Baker: Good multi-use item then. Ipecac?

Dr. Murphy: Ipecac is more for children, so if you call Poison Control and they say you need to induce vomiting, it obviously helps to have that.

Baker: You do have on the list pain relievers like Tylenol or Advil. What I don’t see on the list is aspirin.

Dr. Murphy: Aspirin isn’t the best of pain relievers. It does have some stomach side effects. If used in children who have fever, it can cause a condition called Reye syndrome. If you do have somebody who’s of the age to have a heart attack, having aspirin around isn’t a bad idea. A lot of those folks already have their medicines they take everyday and will already be on an aspirin.

Baker: I imagine anybody coming up with a list like this would have band-aids as you do. But you also recommend one related item here –

Dr. Murphy: A lot of us can be sensitive to the adhesive. With an older person, you can get some tearing of the skin. So if you have children around or people who are sensitive to band-aids then I recommend a gauze pad and a product like Co-Flex or Coban, which is a kind of self-adhesive ace bandage, so you can cover the area but not have any adhesive on the skin.

Baker: Benadryl?

Dr. Murphy: Benadryl is an antihistamine. Most commonly we use it to treat allergies; it’s sold over the counter as an allergy treatment. But its also one of the drugs we use to treat reactions.
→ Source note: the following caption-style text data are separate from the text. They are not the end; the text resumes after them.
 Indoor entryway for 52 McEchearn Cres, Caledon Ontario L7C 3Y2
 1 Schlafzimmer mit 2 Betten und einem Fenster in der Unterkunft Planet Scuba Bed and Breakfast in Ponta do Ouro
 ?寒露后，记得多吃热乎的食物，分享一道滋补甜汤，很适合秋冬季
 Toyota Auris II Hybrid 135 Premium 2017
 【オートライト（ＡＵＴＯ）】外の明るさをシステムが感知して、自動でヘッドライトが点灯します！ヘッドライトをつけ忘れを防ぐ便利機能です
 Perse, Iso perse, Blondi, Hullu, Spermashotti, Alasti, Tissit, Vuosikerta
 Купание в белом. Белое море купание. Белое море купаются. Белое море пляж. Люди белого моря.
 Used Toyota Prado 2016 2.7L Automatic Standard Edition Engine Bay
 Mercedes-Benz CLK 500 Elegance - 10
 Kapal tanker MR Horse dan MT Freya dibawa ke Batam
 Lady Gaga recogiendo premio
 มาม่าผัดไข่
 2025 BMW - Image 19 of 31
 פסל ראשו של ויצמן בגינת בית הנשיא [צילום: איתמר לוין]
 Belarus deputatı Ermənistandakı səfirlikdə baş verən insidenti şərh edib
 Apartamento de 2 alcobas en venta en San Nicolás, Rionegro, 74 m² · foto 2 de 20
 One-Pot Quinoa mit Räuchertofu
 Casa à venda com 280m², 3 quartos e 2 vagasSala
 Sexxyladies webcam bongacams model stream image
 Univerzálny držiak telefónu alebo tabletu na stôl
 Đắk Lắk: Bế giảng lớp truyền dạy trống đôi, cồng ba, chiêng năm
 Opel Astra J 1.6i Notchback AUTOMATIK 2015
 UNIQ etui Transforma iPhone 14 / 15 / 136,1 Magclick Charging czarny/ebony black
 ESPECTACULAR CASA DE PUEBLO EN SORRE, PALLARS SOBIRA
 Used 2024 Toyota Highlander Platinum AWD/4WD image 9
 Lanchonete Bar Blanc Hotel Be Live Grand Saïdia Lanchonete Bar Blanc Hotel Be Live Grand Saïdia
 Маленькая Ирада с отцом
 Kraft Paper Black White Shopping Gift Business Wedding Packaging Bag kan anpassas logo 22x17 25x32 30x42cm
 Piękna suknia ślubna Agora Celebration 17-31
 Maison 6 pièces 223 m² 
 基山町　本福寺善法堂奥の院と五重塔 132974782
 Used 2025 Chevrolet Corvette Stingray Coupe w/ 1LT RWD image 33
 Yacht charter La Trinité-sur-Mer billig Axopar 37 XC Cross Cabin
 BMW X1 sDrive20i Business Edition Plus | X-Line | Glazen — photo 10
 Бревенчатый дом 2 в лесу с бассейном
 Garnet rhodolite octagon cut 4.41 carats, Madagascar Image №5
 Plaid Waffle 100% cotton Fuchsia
So if a patient calls me and says, “I feel like I’m having an allergic rash or allergic reaction,” a lot of times I’ll ask them to take Benadryl.

Baker: You also recommend a non-sedating antihistamine as well.

Dr. Murphy: Especially this time of year we see a lot of allergies. It’s nice to have in your cabinet something like Zyrtec or Claritin, or Allegra, that won’t make you sleepy that you can take during the day if the allergies are really getting to you.

Baker: And this is a huge problem for people. I’m often stunned at how many people complain of allergies.

Dr. Murphy: A lot of us have allergies, a lot of us think we don’t but we actually do. The medicine can really make a difference as far as how you feel that day and the amount of sleep you get.

Dr. Shaun Murphy is a general practitioner and chairman and medical director of Dallas Medical Specialists. 

Dr. Shaun Murphy’s List of Medicine Cabinet Essentials:

- Disposable gloves

- Ipecac (for kids): This causes vomiting, for cases in which a child eats something he or she shouldn’t, and there is a need to induce vomiting.

- Sunscreen

- Bug repellant/after bite spray

- Band-aids

- Coflex : a self-adhesive wrap. Some people are allergic to band-aids

- Hand sanitizer

- Benadryl

- Non-sedating antihistamine (for allergies)

- Pain reliever like Tylenol or Advil

- An information list in your cabinet, listing any medicines you take, allergies, and a copy of insurance card.